- Create a chat engine with LlamaIndex to answer question based on a set of pre-selected documents.
- Leverage Streamlit for file uploads and interactive communication with the engine.
-
Clone the repo
-
You can run the docker-compose command to launch the app with docker containers, and then type a question in the chat interface.
docker-compose up --build
- Start Xinference cluster
xinference --log-level debug
- Launch an Embedding model and a LLM model, get their model_uids. For example,
launching
bge-large-zh
(embedding) andchatglm3
(LLM):
from xinference.client import Client
client = Client("http://127.0.0.1:9997")
model_uid = client.launch_model(model_name="bge-large-zh", model_type="embedding")
model_uid2 = client.launch_model(model_name="chatglm3", quantization=None, model_format='pytorch', model_size_in_billions=6)
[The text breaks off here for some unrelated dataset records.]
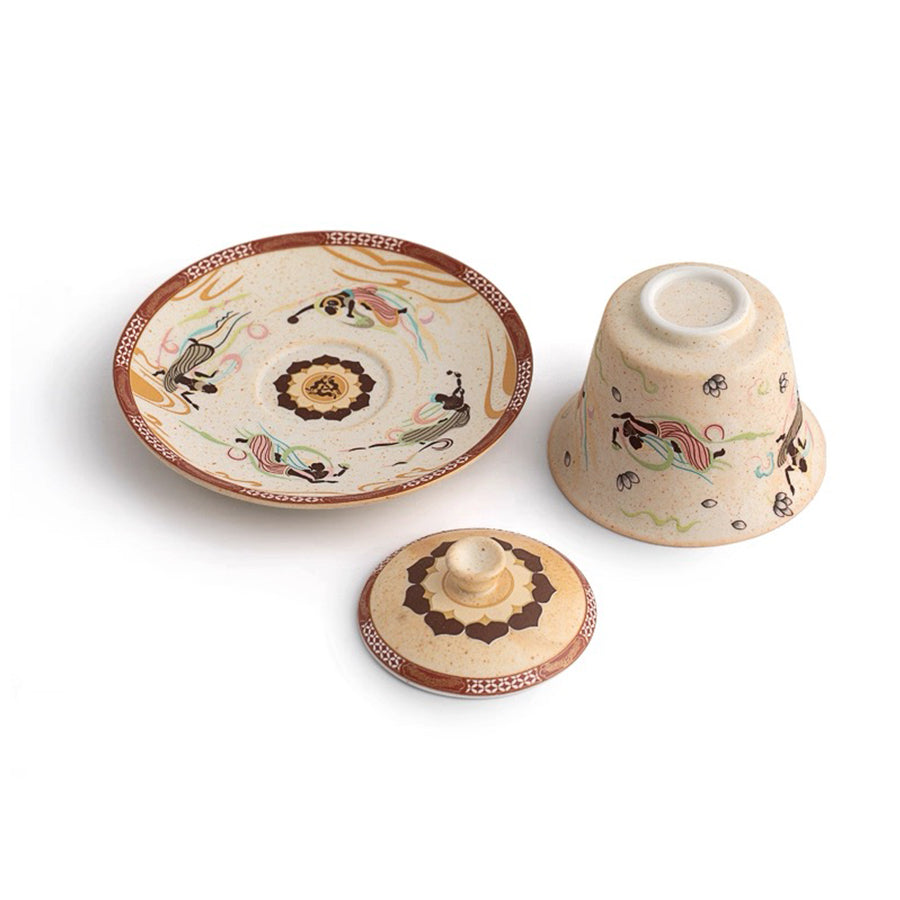 Dance with the flow - Handmade Chinese Gaiwan tea set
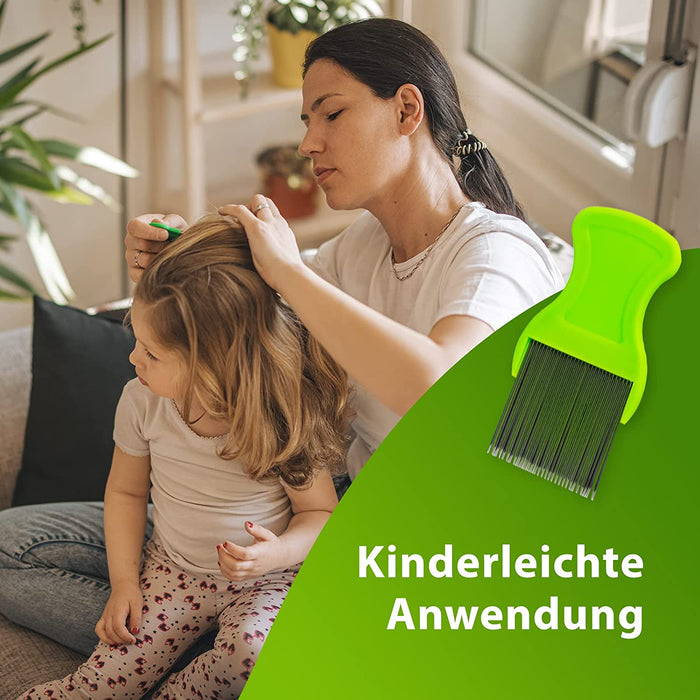 Läusemittel mit Läusekamm (100 ml) - Läusemittel zur Behandlung von Kopfläusen, inkl. Läusekamm | Schonend für die Kopfhaut
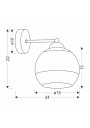 Contessa wall light 1xE27 czarno gold 24 cm - product dimensions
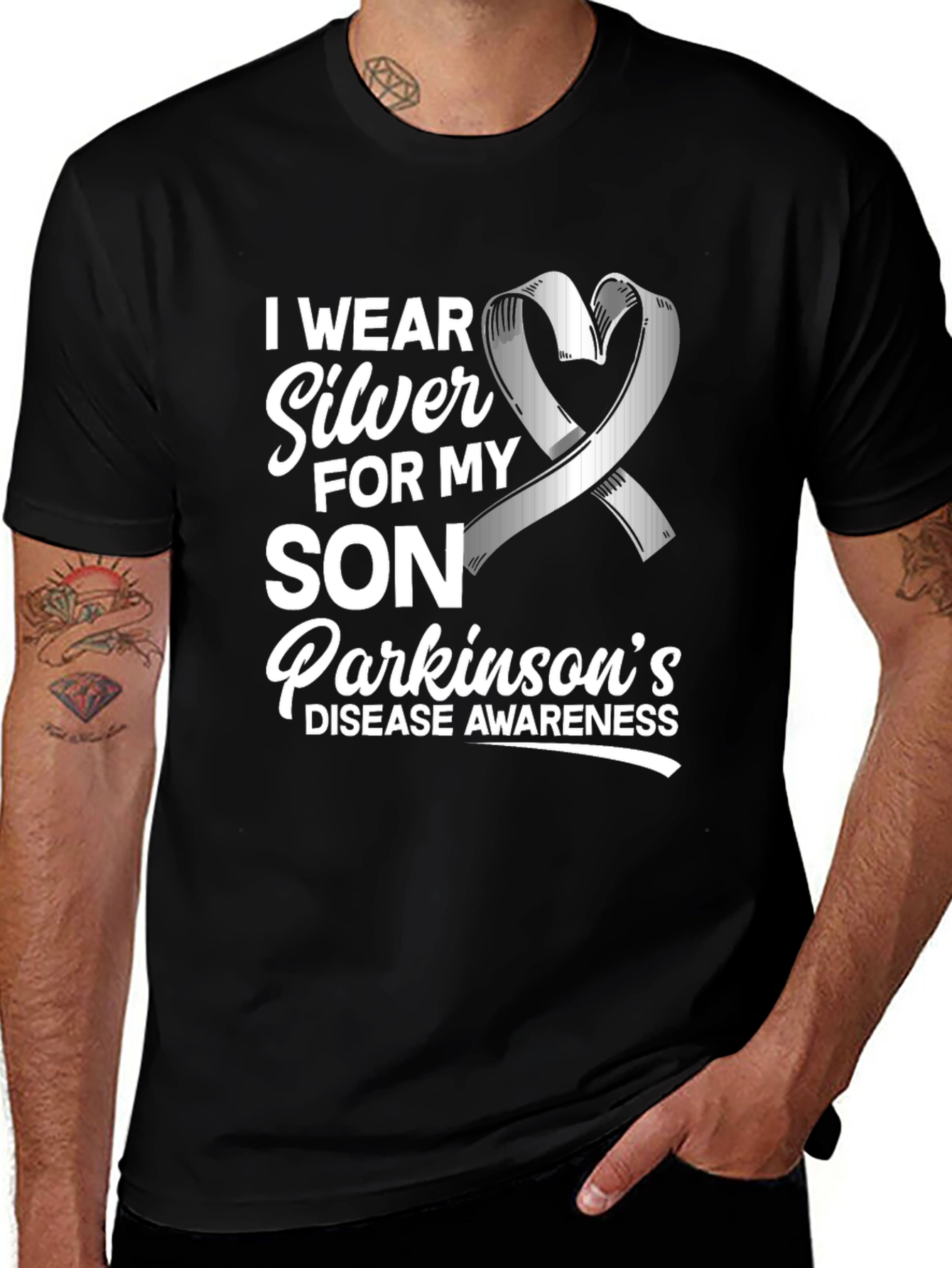 Parkinson's Awareness T-Shirt - Silver Ribbon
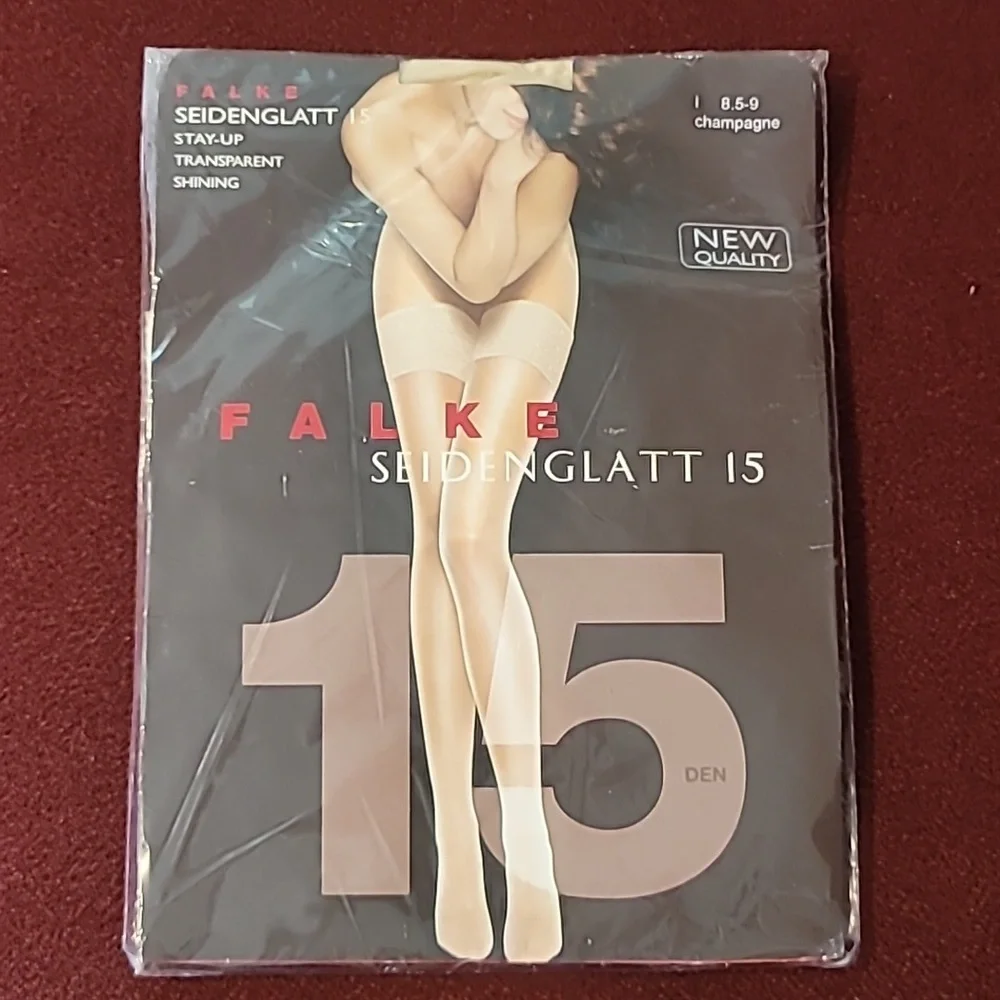 FALKE Seidenglatt 25 Tigh Hight Stay-up Champaign Color New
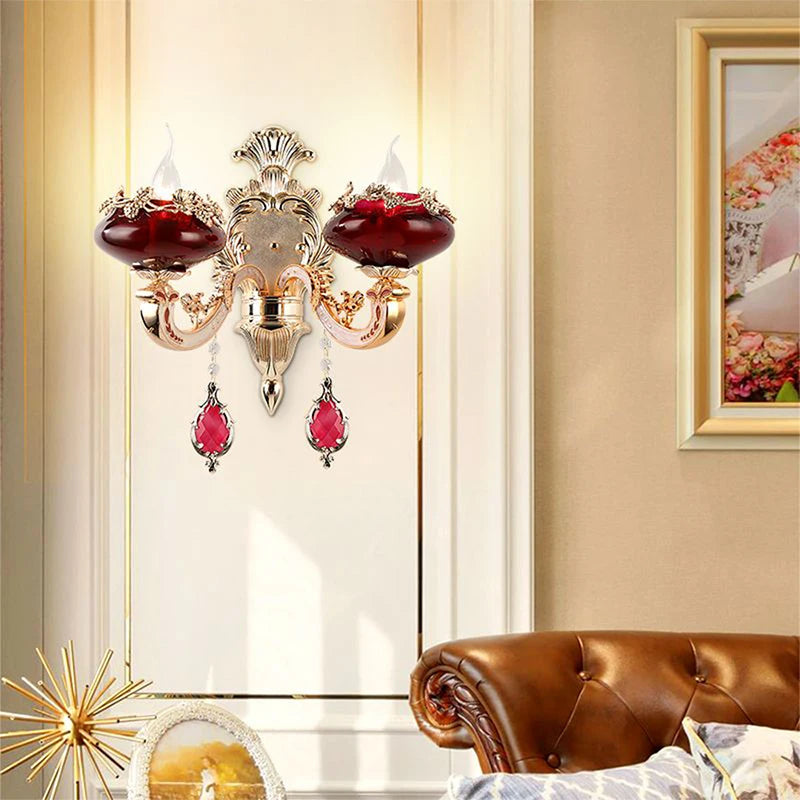 Villa Home Luxury European Red Crystal Wall Lamp Luxury Living Room Bedroom Bedside Lamp Background Wall Corridor Villa Hotel Lighting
print(model_uid, model_uid2)
- Modify
docker-compose.yml
using the above model_uids, for example:
version: "2"
services:
app:
build: .
network_mode: "host"
ports:
- "8501:8501"
volumes:
- ./app:/app/app
environment:
- LLM=xinference
- EMBEDDING=xinference
- XINFERENCE_SERVER_ENDPOINT=http://127.0.0.1:9997
- XINFERENCE_EMBEDDING_MODEL_UID=<model_uid>
- XINFERENCE_LLM_MODEL_UID=<model_uid2>
- HISTORY_KEEP_CNT=10
- Deploy this application:
docker-compose up --build
In you want to run a local dev environment, the following command will let you test the application with OpenAI API.
poetry install
LLM=openai EMBEDDING=openai streamlit run app/main.py
- If you want to use OpenAI, check that you've created an .env file that contains your valid (and working) API keys.